Rust: The Longest War




   人類は紀元前から鉄器に馴染み、身の回りの様々な生活用の器具・機器、車、 建設資材、電気・通信ケーブル、石油や水道の輸送管、航空機、戦艦等、生きていく上で欠かせ ない有益な金属材料として利用している。しかし、その重大な欠点は宿命的な「錆」である。 錆は当然のことと受け止められ、日常の生活では大きな関心を持って錆に取り組むことはない。 学術的にも土木、建築、電気、機械、化学などという大きな分野に分類されているわけではない。 それぞれの分野の材料学の一分野としてごく少数の研究者が錆のメカニズムや防食手段の開発に 地味に取り組むニッチな研究テーマである。本書は、そんな鉄の「錆」にスポットライトを当てて、 科学的知識のない一般読者を興味深く引き込んでくれる。

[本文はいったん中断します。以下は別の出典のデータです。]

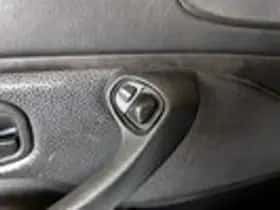 BMW Z3 (1996) thumbnail 10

 ニューヨークの自由の女神の修復事業での防食技術。ステンレス鋼開発秘話、国防総省では戦艦、 戦闘機、ミサイル、等の武器が錆による被害で毎年数兆円も無駄にしているため、防食の維持管理 に懸命に取り組まねばならないこと。飲料水等の食品用のアルミ缶の腐食防止に使う樹脂コーティ ングが、環境ホルモンとして重大な害毒が疑われること。北極圏のアラスカで採掘された石油を 長いパイプラインで輸送するに際しての錆びによる漏洩を防ぐためのメンテナンスの苦労話など、 普段我々の目に触れないエピソード幾つも詳しく書いて、興味が大きく膨らむ。もっとも、それぞれ の話題が本題と異なるところまで冗長に拡がる部分もあるが、著者の資料探査の精度をの証左で ご愛嬌としておこう。
 私が一番興味をひいたのは、飲料水(コカ・コーラ)は長らくガラス瓶詰めであったがために、 よく破裂して失明等の重篤な障害を引き起こし、その欠陥が故に裁判で高額の賠償金を要求されて いた。軽くて丈夫な素材としてアルミ缶が開発されるが、内容物の性状でアルミ缶は腐食する。 これを防ぐために、内面を樹脂でコーティングする技術が開発されるのであるが、この樹脂の主原 料であるビスフェノールA(BPA)が有害な環境ホルモンであるが、そのリスクを製缶・缶詰メーカー は認めていないということ。ここでは著者は少なくとも妊婦は肝飲料水は飲むべきでないとはっきり 警告している。自動販売機から手軽に入手できる清涼飲用水を愛用するものとして、背筋が寒くなる 話である。